I wonder if one if the prime drivers for entrepreneurship is bad management. I have to think that bad management pushes a lot of capable people out of their day jobs, and those people go on to become entrepreneurs.
Imagine a world where managers always recognized and rewarded their most capable people. It would be hard for a rational employee to leave a great job for a ten percent chance of creating something even greater. But leaving a boss who is Satan’s learning-challenged little brother is relatively easy. And if the general economy isn’t serving up wonderful job opportunities at other companies (thanks in part to bad management) then you can see why people gravitate toward starting their own companies.

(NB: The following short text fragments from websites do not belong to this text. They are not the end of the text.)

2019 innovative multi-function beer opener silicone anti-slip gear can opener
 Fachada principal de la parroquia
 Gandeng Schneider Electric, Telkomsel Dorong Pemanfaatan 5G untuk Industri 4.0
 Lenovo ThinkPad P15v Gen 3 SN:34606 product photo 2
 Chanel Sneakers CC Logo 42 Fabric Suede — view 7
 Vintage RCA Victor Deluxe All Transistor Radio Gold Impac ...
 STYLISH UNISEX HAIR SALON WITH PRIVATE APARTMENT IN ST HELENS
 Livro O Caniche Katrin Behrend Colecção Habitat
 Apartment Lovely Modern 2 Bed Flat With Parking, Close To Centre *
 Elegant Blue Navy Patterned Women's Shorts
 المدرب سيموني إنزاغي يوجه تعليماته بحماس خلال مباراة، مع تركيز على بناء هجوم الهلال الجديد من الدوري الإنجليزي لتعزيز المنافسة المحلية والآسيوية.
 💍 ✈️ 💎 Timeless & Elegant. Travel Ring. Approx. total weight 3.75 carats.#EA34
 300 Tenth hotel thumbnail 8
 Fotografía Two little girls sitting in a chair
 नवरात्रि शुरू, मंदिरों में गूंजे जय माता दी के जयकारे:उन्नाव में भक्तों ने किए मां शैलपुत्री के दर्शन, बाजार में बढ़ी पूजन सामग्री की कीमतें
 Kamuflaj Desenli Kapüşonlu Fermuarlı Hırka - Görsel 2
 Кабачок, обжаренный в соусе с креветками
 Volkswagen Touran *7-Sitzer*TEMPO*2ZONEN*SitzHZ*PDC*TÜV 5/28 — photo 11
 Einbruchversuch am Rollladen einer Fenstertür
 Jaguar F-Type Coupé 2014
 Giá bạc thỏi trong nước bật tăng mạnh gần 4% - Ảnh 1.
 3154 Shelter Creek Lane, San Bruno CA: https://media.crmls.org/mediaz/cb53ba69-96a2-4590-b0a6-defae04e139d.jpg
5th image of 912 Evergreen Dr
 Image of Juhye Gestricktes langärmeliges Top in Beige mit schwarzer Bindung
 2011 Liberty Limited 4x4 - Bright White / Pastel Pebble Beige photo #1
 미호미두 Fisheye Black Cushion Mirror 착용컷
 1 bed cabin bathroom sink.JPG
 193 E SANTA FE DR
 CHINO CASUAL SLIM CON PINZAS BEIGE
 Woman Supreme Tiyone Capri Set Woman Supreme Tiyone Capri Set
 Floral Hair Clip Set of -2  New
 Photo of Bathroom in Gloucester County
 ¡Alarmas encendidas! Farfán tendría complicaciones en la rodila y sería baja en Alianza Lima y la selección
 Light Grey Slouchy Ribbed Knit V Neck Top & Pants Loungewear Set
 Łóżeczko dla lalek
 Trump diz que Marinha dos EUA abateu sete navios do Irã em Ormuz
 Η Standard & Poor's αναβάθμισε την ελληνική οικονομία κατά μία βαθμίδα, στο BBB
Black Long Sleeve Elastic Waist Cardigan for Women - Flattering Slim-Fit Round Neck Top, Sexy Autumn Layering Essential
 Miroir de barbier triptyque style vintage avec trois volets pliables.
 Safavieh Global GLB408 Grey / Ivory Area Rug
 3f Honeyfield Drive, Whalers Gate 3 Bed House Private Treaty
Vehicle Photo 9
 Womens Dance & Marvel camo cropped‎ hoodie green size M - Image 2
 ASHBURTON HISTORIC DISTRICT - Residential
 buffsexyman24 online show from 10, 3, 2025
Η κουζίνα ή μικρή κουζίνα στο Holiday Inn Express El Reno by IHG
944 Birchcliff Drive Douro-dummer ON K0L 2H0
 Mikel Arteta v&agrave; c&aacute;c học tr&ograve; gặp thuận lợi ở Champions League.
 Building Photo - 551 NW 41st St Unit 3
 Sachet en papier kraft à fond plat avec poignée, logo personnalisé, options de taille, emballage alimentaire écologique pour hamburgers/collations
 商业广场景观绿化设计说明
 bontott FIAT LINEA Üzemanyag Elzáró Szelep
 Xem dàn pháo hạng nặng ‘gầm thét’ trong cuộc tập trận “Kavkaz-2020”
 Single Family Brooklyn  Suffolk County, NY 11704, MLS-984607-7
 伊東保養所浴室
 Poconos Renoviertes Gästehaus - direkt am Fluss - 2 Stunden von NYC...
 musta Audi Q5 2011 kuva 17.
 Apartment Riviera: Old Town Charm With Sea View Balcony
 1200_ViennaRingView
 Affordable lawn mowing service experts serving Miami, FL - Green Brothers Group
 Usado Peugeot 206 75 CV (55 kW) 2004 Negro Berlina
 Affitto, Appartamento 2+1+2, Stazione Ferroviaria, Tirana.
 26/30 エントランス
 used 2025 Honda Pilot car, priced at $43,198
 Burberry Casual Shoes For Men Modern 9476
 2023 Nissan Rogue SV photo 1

You can thank The Dilbert Principle for some of this entrepreneurial zest. The Dilbert Principle observes that in the modern economy, the least capable people are promoted to management because companies need their smartest people to do the useful work. It’s hard to design software, but relatively easy to run staff meetings. This creates a situation where you have more geniuses reporting to morons than at any time in history. In that sort of environment you’d expect the geniuses to be looking for a way out, even if Plan B has a low chance of success.
I’ve never seen a statistic on the number of companies that were started while an employee “borrowed” resources, from his day job, mostly in the form of time and Internet access, but I’ll bet it’s a big number.
Big companies with bad managers are the ideal breeding ground for entrepreneurs. Employees are exposed to a wide variety of business disciplines, and can avail themselves of excellent company-paid training and outside education. When you add broad skill development to the inevitability of eventually getting a moron for a boss, thanks to frequent internal reorganizations, it’s no wonder that big companies spray entrepreneurs into the environment like the fountains at Bellagio.